* **PROBLEM TO WORK ON**
Please copy each line of the data that includes the string "Sport".

+---+

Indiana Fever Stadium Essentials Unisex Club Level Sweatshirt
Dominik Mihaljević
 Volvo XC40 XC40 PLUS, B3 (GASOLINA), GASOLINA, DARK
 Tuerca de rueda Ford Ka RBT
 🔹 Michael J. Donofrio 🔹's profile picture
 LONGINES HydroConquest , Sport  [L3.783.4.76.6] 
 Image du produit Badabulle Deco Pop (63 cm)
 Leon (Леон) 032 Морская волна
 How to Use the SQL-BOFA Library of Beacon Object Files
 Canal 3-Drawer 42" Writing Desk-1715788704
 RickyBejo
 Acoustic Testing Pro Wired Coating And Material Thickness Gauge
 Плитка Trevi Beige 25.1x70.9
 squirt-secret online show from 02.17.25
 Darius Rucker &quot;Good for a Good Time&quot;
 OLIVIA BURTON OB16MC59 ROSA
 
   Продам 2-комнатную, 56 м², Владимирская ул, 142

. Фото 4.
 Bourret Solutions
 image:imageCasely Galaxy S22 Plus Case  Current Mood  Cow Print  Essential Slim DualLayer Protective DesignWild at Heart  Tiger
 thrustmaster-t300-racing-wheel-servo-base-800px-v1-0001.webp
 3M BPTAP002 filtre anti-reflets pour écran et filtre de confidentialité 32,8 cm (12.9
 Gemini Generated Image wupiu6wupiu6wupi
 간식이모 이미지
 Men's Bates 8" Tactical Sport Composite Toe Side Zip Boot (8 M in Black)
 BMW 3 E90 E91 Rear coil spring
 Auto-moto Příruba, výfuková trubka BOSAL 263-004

+---+

* **WORKED SOLUTION**
 LONGINES HydroConquest , Sport  [L3.783.4.76.6] 
 Men's Bates 8" Tactical Sport Composite Toe Side Zip Boot (8 M in Black)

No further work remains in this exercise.